Livy server

Starting with version 1.74.0, SPYT comes with Livy, a service that allows communication between the client and a Spark cluster over a REST interface. The Query tracker module uses this functionality to execute Spark SQL queries in YTsaurus.

The Livy distribution is already included in the release image of SPYT and can be found on the YTsaurus cluster at the path //home/spark/livy/livy.tgz.

Running Livy

To run the Livy server, specify the --enable-livy option in the command for starting a SPYT cluster. The maximum number of concurrent connections to the server is controlled by the --livy-max-sessions option. Attempting to establish a connection after reaching the limit will result in an error.

The driver for Spark jobs executed through Livy is deployed in the same container as the server. For this reason, to ensure correct calculation and allocation of resources in YTsaurus, use the --livy-driver-cores and --livy-driver-memory options at cluster startup to configure the number of cores and driver memory size.

$ spark-launch-yt ... --enable-livy --livy-max-sessions 5 --livy-driver-cores 1 --livy-driver-memory 1G

To retrieve the address of the Livy server or other components, run the spark-discovery-yt command.

Using Livy in Query Tracker

You can send queries to a running SPYT cluster from Query Tracker (SPYT tab) using Spark SQL. To do this, set the cluster (if your YTsaurus installation doesn't have a default cluster) and discovery_path fields in settings. In addition, you can use the spark_conf field to pass an arbitrary Spark session configuration as a YSON map.

QT version 0.0.5 added support for authenticating and reusing sessions:

  1. When Query Tracker starts executing a query, it issues the user a temporary token with a TTL of tens of minutes.

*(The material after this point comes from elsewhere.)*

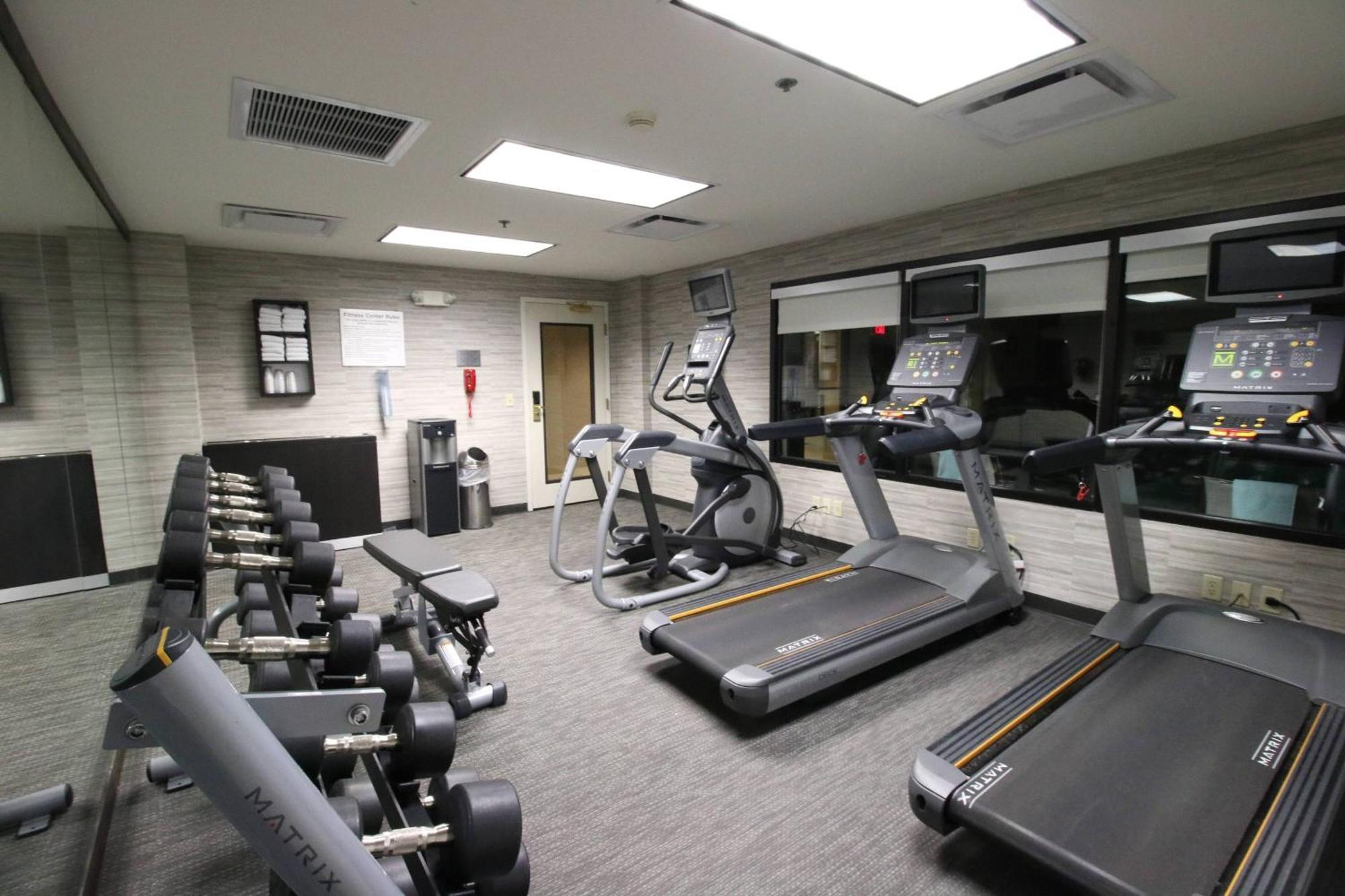 Courtyard By Marriott Indianapolis South Hotel Buitenkant foto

The received token is used to authenticate the user in YTsaurus when executing the query on a SPYT cluster. This ensures that the user has the necessary permissions when reading or writing data. If query execution takes a long time, the temporary token's TTL will be periodically extended.

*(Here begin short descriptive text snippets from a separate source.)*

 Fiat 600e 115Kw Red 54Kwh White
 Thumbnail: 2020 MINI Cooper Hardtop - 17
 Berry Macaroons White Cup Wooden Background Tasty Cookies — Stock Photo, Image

  2. If session_reuse is set to true (default value) in settings, queries don't close the established cluster connection and reuse it in the future if possible. This reduces query execution time by 10–20 seconds. However, keep in mind that idle sessions also count toward the limit on the number of concurrent connections to the cluster (livy-max-sessions). The session is automatically terminated if no new queries are received for more than 10 minutes.

Configuring a session when connecting to the server directly

Livy server endpoints are described in the official documentation.

To use YTsaurus, during the initialization of a Livy session, specify two configuration parameters — the paths to the Java (spark.yt.jars) and Python (spark.yt.pyFiles) libraries — in the spark_conf field:

data = {'kind': 'spark', 'conf': {'spark.yt.version': '1.75.4', 'spark.yt.jars': 'yt:///home/spark/spyt/releases/1.75.4/spark-yt-data-source.jar', 'spark.yt.pyFiles': 'yt:///home/spark/spyt/releases/1.75.4/spyt.zip'}}
req = requests.post(host + '/sessions', data=json.dumps(data))
resp = req.json()

Sparkmagic

You can connect to the Livy server via Sparkmagic to work with a SPYT cluster in a Jupyter notebook over a REST interface. This reduces the number of network accesses required to use interactive Python while maintaining all functionality. In addition to Python, Sparkmagic also supports Scala and SQL.